A column of smoke from an air strike rises on the far side of the Diyala Bridge.
(Courtesy of Major B. T. Mangan)

The Diyala Bridge, with the body of an Iraqi fighter.
(Courtesy of Major B. T. Mangan)

The new bridge we built across the Diyala River.
(Courtesy of Gunnery Sergeant R. P. Simpson)

The statue of Saddam Hussein, as seen between U.S. Marines, moments before it is pulled down.
(Courtesy of Major B. T. Mangan)

Cheering Iraqis gather before the statue falls.
(Courtesy of Staff Sergeant B. R. Bochenski)

Iraqis with Casey’s flag at the base of the fallen statue.
(Courtesy of Major B. T. Mangan)

Lieutenant Colonel McCoy (center) and Sergeant Major Howell at a memorial service for fallen Marines in Iraq.
(Courtesy of Major B. T. Mangan

Jack is presented his Bronze Star by Major J. M. Baker, 29 Palms, California.
(Courtesy of Lance Corporal H. E. Laredo)

As a sniper, you are supposed to be coldhearted and must be able to control yourself, no matter what is going on. But you are still human. If you don’t have feelings and emotions, then you step over the line and are just a psychotic killer. It can be a difficult balancing act.

No one was allowed inside my head while I worked, and I had spent almost twenty years building my invincible gunslinger persona, and I never let my guard down in front of anybody, not even Casey. It was okay for me to bitch about other things, but I always stopped short of exposing any personal feelings.

So although I listened to other people’s problems on a daily basis out in the field, there was really nobody there for me, which was as it should be. Now there probably was no one at home, either. We all have a private room in our soul for our deepest secrets, but I have a whole warehouse down there in which I keep my personal stuff, because I carry so much of it. Since I had no control over what might be happening back home, I put my girls safely on a shelf that was out of harm’s way and turned my growing anger and frustration onto the soldiers of Saddam Hussein, closing off any thoughts other than those directly related to where I was and to my job. Life was easier when my worldview was narrowed to what I could see.

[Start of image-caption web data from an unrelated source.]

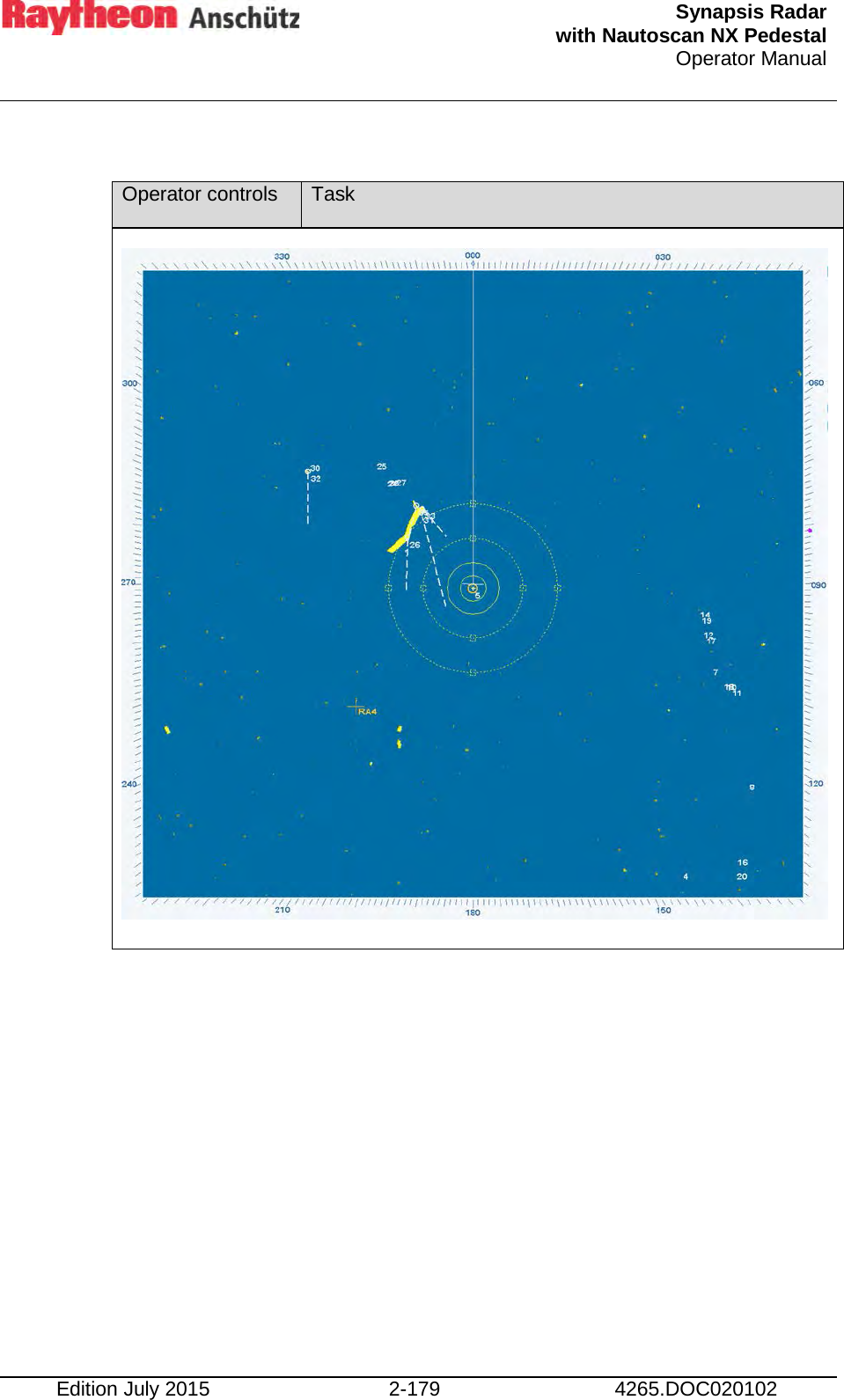  Synapsis Radar  with Nautoscan NX Pedestal Operator Manual    Edition July 2015 2-179 4265.DOC020102  Operator controls Task                     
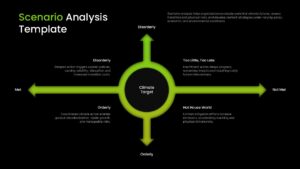 Scenario analysis ppt template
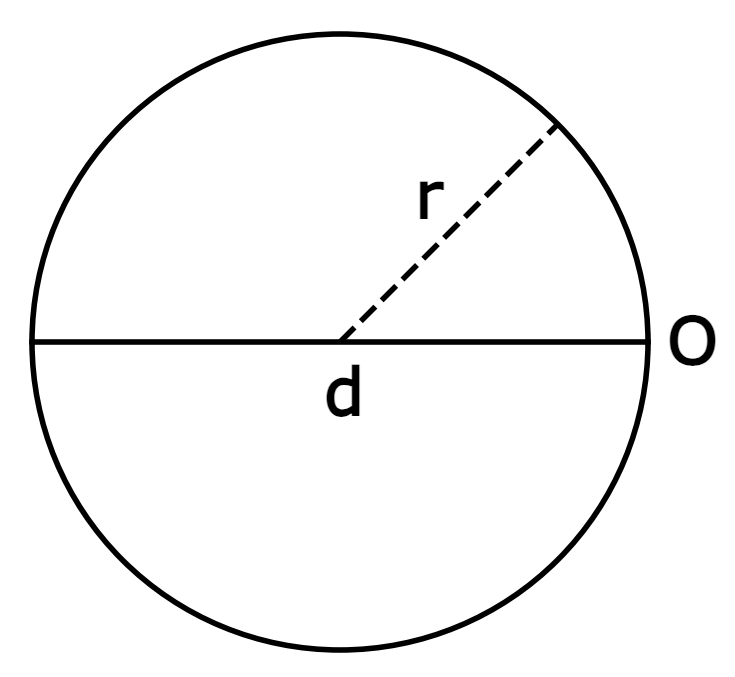 Figuren visar en cirkel med radien r, diametern d och omkretsen O.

So far in this war I had fired six shots and had six kills, exactly the right ratio. I considered the ill-trained, poorly led soldiers of Iraq to be hamburger in my scope, practically begging me to kill them, and I was more than ready to grant that wish.

 

Then came the second slice of Sunday-morning bad news, and we learned that the war was about to grind to a dead stop for three full weeks! Coalition forces all across Iraq were to stop in place for a twenty-one-day “operational pause” to refit and secure the exposed
lines of supply. McCoy was summoned to take a helicopter back to regimental headquarters for an official briefing.

We were stunned and almost felt the earth tilting beneath our boots, because we could not understand the reasoning behind the decision. We still had plenty of supplies and had just ripped through four towns in a single day to kick open a vital supply line. So what was the problem? To us, stopping made no sense at all, but orders are orders.

Now we believed that dusty, nowhere Al Budayr on Route 17 was to be our home for the next month, so we planned to go back into the town and set up shop in the old Ba’ath Party offices. McCoy could be the mayor for a while, and we could erase all traces of the Saddam regime. We would saturate the area with patrols for security, maybe reopen schools, get the utilities running, and prove to the locals that the dictator and his men were no longer to be feared.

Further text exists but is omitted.